The setup
I have a set of experimental data (subscript 1) which calculates two variables
- $u_1(x,y,z)$
- $v_1(x,y,z)$
I can calculate the three spatial gradients for my two variables ($u_1$ and $v_1$): $\frac{\partial u_1}{\partial x}$, $\frac{\partial u_1}{\partial y}$, $\frac{\partial u_1}{\partial z}$, $\frac{\partial v_1}{\partial x}$, $\frac{\partial v_1}{\partial y}$, $\frac{\partial v_1}{\partial z}$
Continuity equation gives me: $\frac{\partial u}{\partial x} + \frac{\partial v}{\partial y} + \frac{\partial w}{\partial z} = 0$, and hence:
$\frac{\partial w_1}{\partial z} = -\frac{\partial u_1}{\partial x}-\frac{\partial v_1}{\partial y}$
So I have 2 velocity fields and 7 gradients from experiment 1. I have a second set of data (subscript 2) as follows:
- $u_2(x,y,z)$
- $w_2(x,y,z)$
Which again means I have two velocity fields and seven gradients: $\frac{\partial u_2}{\partial x}$, $\frac{\partial u_2}{\partial y}$, $\frac{\partial u_2}{\partial z}$, $\frac{\partial w_2}{\partial x}$, $\frac{\partial w_2}{\partial y}$, $\frac{\partial w_2}{\partial z}$, and from continuity: $\frac{\partial v_2}{\partial y} = -\frac{\partial u_2}{\partial x}-\frac{\partial w_2}{\partial z}$
Questions
- Firstly, the simplified problem - let's consider only the velocity fields, that is: $u_1$, $v_1$, $u_2$, and $w_2$. My objective is to end up with only 3 velocity fields: $u$, $v$, and $w$. Now, $v$ and $w$ are easy, because I only have one input so I can just say $v = v_1$ and $w = w_2$. $u_1$ and $u_2$ are meant to be the same, but, as in any experiment, there are errors, meaning they are not exactly the same, see below figure. Now, the real $u$ would lie somewhere between these two curves. This is easy enough to visualise in a 1d sense, but I have 3d data. So, how do I estimate $u$?
![u1 and u2 as a function of z][1]
This is a comparison of $u_1$ (green) and $u_2$ (red) showing the similarity and difference in the two data sets.
- The second question is an extension.
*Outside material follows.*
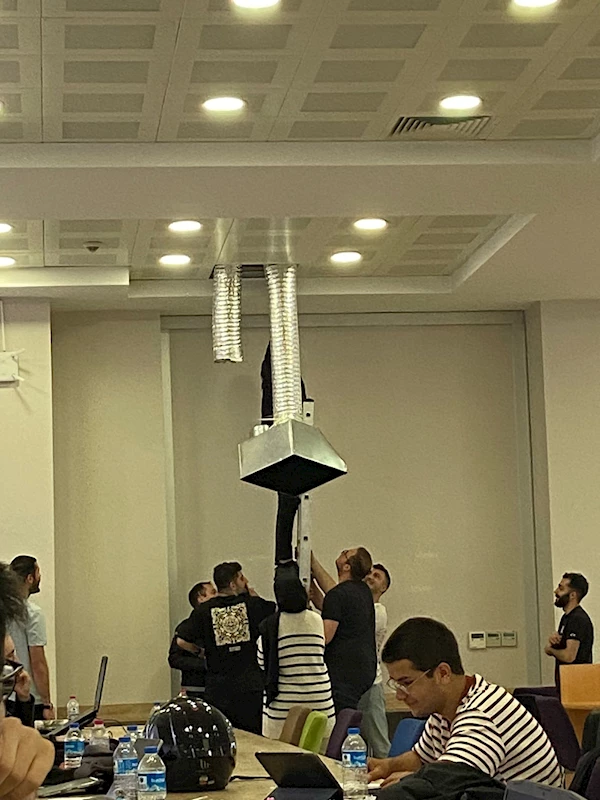 Üniversite kütüphanesinde kedi kurtarma operasyonu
For 5 of the gradient fields, I have two different ways of working out the gradient. So, how do I estimate the gradient fields?
image [1]: https://i.stack.imgur.com/WCxTa.png
@Katlkund establishes some basic properties needed to understand the problem. What follows is speculation about which type of problem you may encounter.
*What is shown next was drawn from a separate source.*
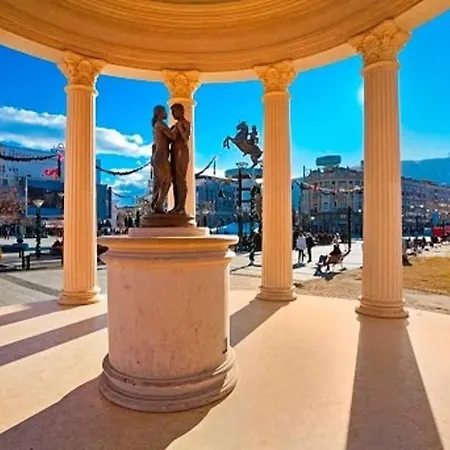 Lion - Debar Maalo *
Approach 1: Modal least squares
In many least squares problems, we start with a sequence of $m$ measurements, for example, $$ \left\{ u_{k}, x_{k}, y_{k}, z_{k} \right\}_{k=1}^{m}, $$ and a data model like $$ u(x,y,z) = a_{000} + a_{100} x + a_{010} y + a_{001} z $$ The amplitudes $a$ represent modes.
The linear system is $$ \begin{align} \mathbf{A} a &= u\\ \left[ \begin{array}{cccc} 1 & x_{1} & y_{1} & z_{1} \\ \vdots & \vdots & \vdots & \vdots \\ 1 & x_{m} & y_{m} & z_{m} \\ \end{array} \right] % \left[ \begin{array}{c} a_{000} \\ a_{100} \\ a_{010} \\ a_{001} \end{array} \right] % &= % \left[ \begin{array}{c} u_{1} \\ \vdots \\ u_{m} \end{array} \right] % \end{align} $$ From this, you have enough to compute a gradient.
Approach 2: Zonal least squares
In this case, the measurements are of the vector field $$ f\colon\mathbb{R}^{3}\mapsto\mathbb{R} $$ Which is the gradient of the scalar function $u$: $$ \nabla u = f(x,y,z) $$
The sequence of $m$ measurements $$ \left\{ f_{x_{k}}, f_{y_{k}}, f_{z_{k}} \right\}_{k=1}^{m}, $$ Is used to predict $m-1$ values of the potential $u$ in each dimension.
The method relies on the the fact that the average of the gradient is given exactly by the difference between the field values at the boundaries. Let the domain $\omega = \left\{x: a \le x \le b \right\}$, the average of the gradient over the domain is $$ \langle \nabla u \rangle_{\omega} = u(b) - u(a) $$
Consider a device with $2$ zones. The domain is partitioned into $2$ parts. $$ \begin{align} \mathbf{A} u &= f\\ % \left[ \begin{array}{crc} -1 & 1 & 0 \\ 0 & -1 & 1 \\ \end{array} \right] % \left[ \begin{array}{c} u_{0} \\ u_{1} \\ u_{2} \end{array} \right] % &= % \left[ \begin{array}{c} f_{1} \\ f_{2} \end{array} \right] % \end{align} $$